Bahkan, mereka juga berinisiatif untuk melakukan penafsiran ulang terhadap al-Quran, dengan mengatakan penafsiran ulama di masa lampau terlalu kuno dan tidak lagi layak untuk menjawab permasalahan di masa milenial. Akan tetapi, mereka juga memberikan solusi untuk masalah tersebut, yaitu menerapkan hermeneutika dalam memahami ayat suci al-Quran.
Namun, hal ini bukanlah sebuah solusi yang memecahkan sebuah masalah, melainkan sebuah tindakan yang akan memperkeruh keadaan dan memperbesar masalah tersebut. Hal ini dapat diketahui dengan meilhat sistem hermeneutika sendiri yang mengunggulkan posisi penafsiran daripada teks aslinya, sehingga apabila metode hermeneutika diapliksikan dalam memahami ayat suci al-Quran akan menghilangkan nilai otoritas dari al-Quran itu sendiri, dan ini merupakan sebuah kesalahan tiada bandingan.
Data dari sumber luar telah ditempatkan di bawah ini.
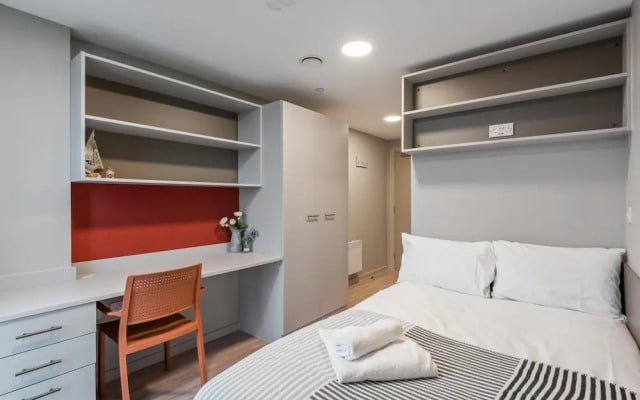 Central Modern 6BR APT With Fast Wifi Sleeps 6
Kemudian, eksistensi metode hermeneutika sendiri pernah tersinggung dalam firman Allah ﷻ:
وَلَوِ اتَّبَعَ الْحَقُّ اَهْوَاۤءَهُمْ لَفَسَدَتِ السَّمٰوٰتُ وَالْاَرْضُ
“ Seandainya kebenaran itu menuruti keinginan mereka, niscaya binasalah langit dan bumi” (QS. al-Mukmin [71]: 23).
Sebagaimana keterangan dalam kitab Tafsir Ibnu Katsir, ayat di atas menjelaskan tentang sifat lemah yang dimiliki oleh seorang hamba, serta kesalahan pemikiran yang berasal dari hawa nafsu belaka. Hal ini mirip sekali dengan hermeneutika, di mana sumber pondasi yang mendasari berasal dari hawa nafsu kaum liberalis.
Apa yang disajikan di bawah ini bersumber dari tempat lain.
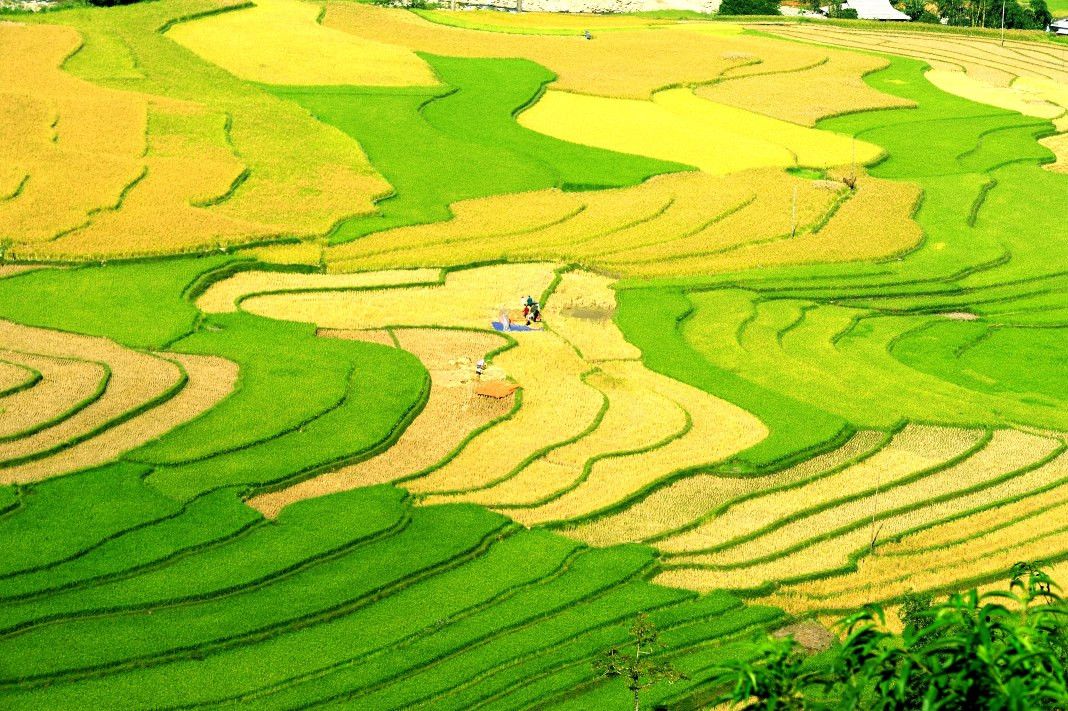 ﻿Harvest season in terraced rice fields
Berbeda dengan para ulama ahli tafsir, yang sanad keilmuannya sambung dengan Nabi Muhammad ﷺ dan steril dari campur aduk hawa nafsu. Mengenai tuduhan miring liberalis yang memvonis hilangnya nilai relevansi Islam di masa sekarang, disebabkan kebodohan mereka terhadap ajaran Islam secara keseluruhan. Karena jika seseorang memahami ajaran Islam secara maksimal, maka akan mengetahui nilai-nilai yang terkandung di dalam setiap ajarannya. Semisal, perintah untuk menunaikan zakat yang memiliki nilai kepedulian antar sesama kaum muslim, larangan mengonsumsi khamar (dan minuman yang dapat memabukkan), karena dianggap dapat membahayakan kesehatan.
Jika liberalis hendak mempermasalahkan perkara yang tidak dapat dinalar oleh akal, maka ia telah berusaha untuk melampaui batas yang dimiliki oleh akalnya, dan hal yang memaksakan hanya akan menghasilkan sebuah kehancuran semata. Hal ini melihat adanya nilai hikmah yang tidak diketahui oleh para manusia, sebagaimana perkataan Syekh Ibnu Qayyim al-Jauzi dalam salah satu kitabnya yang berjudul I’lam al-Muwaqi’in:
فَإِنَّ الشَرِعَةَ مَبْنَهَا وَأَسَاسُهَاعَلَى الحِكَمِ َومَصَالِحِ العِبَادِ فِيْ المَعَاشِ وَالمَعَادِ
“Syariat Islam dibagung atas pondasi hikmah dan kemaslahatan manusiadi dunia dan diakhirat.”